The Dog's Role in Human Society
Dogs and humans have functioned as protectors, hunters, herders, companions sometimes even served as dinner themselves when food was scarce. According to Stanley Coren in his book, The Pawprints of History, dogs have shared our homes and worked with us as they shaped human history. Coren proposed that dogs first came into human culture as sentries and guardians. Realizing the importance of a dog that barked warnings when strangers or dangerous beasts approached, early man offered tidbits of food, shelter and affection to encourage the dogs to stay close. Soon the canines became members of the family and forged a symbiotic partnership of mutual benefit for each other.
The Parasitic Canine
Stephen Budiansky, writing for The Atlantic Monthly online, has a different take on the role of dogs in human culture. He identifies them as social parasites. Although most people celebrate their canine companions by believing that the creatures are altruistic, loyal, trustworthy, affectionate and obedient, Budiansky points out that dogs really have an agenda best described as social parasitism.
The family dog lies around our homes, sleeping most of the day and rousing themselves only for meals or play times. Pointing out that the cost-benefit ratio does not favor humans, he suggests that the dog-human relationship has evolved to favor the canines. Over the millenia our friends have trained us well to take care of their needs and we enjoy their company.
The Prehistoric Burials of Dogs
The 7000-year-old skeletal remains of a dog excavated in Siberia revealed that the people who lived with this dog honored it in death by treating its body as they would a human. This canine rested on its right side with grave goods, a spoon carved from an antler in this case. The prehistoric cemetery also contained five human skeletons buried nearby.
Another burial site in the same area of Siberia contains the remains of a wolf wrapped around a human skull.
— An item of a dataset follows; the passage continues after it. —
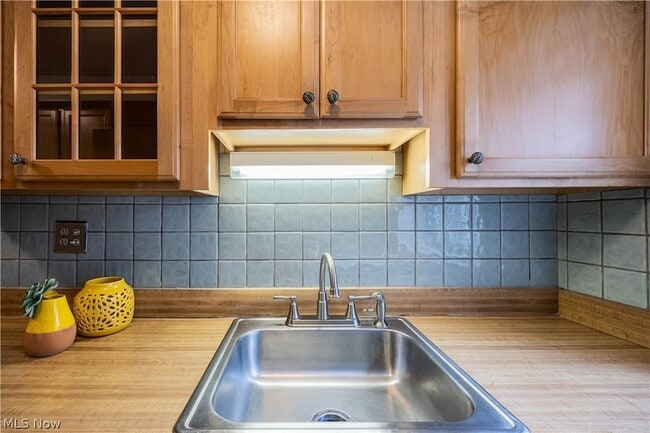 Building Photo - 19436 Van Aken Blvd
Possible this arrangement was intended to bind the two together on their journey through the afterlife.
The Archaeologic Record
The archaeological record has classified the remains of ancient dogs from 31,000 years in Belgium, as well as 26,000 in the Czech Republic and 15,000 years in Siberia. Darcy Morey is a zoo-archaeologist from the University of Tennessee. He researches the archaeologic evidence of dog burials. His data reveals that the first dogs in North America traveled with the human migration across the Bering land bridge about 10,000 years ago.
Morey's dig at Danger Cave in Utah produced the ancient bone specimens dating to between 9,000 and 10,000 years old. His evidence shows that the one of the oldest domestications is in Bonn-Oberkassel, Germany which is about 14,000 years old. The dog was buried as part of a human double grave, indicating the importance of the canine in that community.
Dogs on the Menu
An article by Samuel Belknap in the Huffington Post explained how he discovered that in some primitive societies, the dogs were also eaten. He found a canine bone in a sample of human excrement. DNA testing further revealed that this bone sample was approximately 9400 years old.
Scientists theorize that dog domestication and human civilization arose together around the end of the Pleistocene epoch. The earliest evidence for the domestication of the wolf occurred in Europe and Asia 30,000 to 15,000 years ago.